(Material for the task begins)
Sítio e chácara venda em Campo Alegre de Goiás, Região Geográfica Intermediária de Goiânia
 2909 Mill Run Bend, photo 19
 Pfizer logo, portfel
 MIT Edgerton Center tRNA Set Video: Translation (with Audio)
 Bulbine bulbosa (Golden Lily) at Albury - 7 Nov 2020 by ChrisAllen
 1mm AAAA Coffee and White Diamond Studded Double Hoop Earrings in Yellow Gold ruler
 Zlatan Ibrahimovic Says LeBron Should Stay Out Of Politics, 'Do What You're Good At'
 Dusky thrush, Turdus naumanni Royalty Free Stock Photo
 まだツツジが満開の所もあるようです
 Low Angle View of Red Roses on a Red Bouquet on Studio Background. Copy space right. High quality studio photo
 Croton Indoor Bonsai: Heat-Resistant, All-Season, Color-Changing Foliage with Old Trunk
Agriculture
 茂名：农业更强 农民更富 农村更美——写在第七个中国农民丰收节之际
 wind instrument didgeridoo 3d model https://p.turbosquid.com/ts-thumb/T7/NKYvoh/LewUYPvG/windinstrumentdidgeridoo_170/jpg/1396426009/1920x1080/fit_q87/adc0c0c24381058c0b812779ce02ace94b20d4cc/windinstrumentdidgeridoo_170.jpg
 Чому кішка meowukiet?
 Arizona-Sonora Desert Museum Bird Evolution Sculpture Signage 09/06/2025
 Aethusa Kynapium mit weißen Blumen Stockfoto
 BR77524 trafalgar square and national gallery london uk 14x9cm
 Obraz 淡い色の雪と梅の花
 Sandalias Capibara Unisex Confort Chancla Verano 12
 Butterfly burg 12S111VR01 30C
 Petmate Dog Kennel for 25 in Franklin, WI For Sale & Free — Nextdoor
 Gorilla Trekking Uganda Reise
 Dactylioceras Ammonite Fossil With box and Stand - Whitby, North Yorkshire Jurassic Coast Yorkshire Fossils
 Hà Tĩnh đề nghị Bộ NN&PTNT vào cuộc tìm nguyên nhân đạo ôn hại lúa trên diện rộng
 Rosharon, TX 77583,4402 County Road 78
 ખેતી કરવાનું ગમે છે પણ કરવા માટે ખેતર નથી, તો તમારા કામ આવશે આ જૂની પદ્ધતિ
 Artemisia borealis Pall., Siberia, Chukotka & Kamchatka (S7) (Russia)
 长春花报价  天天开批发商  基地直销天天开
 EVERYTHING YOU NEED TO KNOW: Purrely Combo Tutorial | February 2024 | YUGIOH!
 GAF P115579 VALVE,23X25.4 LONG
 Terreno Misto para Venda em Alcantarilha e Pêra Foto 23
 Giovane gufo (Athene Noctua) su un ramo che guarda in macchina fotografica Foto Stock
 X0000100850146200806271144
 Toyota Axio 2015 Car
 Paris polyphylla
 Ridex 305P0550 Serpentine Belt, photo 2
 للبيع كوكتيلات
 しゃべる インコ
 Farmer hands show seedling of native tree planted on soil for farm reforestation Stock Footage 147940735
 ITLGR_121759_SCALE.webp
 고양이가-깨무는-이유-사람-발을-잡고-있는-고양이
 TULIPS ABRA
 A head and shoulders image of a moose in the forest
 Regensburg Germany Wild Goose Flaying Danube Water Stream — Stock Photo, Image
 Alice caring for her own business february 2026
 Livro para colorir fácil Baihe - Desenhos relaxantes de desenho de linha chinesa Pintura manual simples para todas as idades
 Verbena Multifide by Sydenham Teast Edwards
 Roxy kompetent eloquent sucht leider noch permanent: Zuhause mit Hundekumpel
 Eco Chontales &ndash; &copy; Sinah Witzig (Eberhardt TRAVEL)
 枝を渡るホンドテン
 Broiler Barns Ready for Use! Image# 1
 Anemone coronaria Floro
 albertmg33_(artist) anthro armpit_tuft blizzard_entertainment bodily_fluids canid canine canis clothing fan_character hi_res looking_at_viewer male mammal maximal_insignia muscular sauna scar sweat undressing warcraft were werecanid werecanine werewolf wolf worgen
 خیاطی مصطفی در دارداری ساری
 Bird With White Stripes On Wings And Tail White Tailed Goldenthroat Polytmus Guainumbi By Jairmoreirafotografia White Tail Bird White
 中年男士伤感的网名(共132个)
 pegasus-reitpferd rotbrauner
(Material for the task ends)
Copy each line above where "White" appears.

 1mm AAAA Coffee and White Diamond Studded Double Hoop Earrings in Yellow Gold ruler
 Bird With White Stripes On Wings And Tail White Tailed Goldenthroat Polytmus Guainumbi By Jairmoreirafotografia White Tail Bird White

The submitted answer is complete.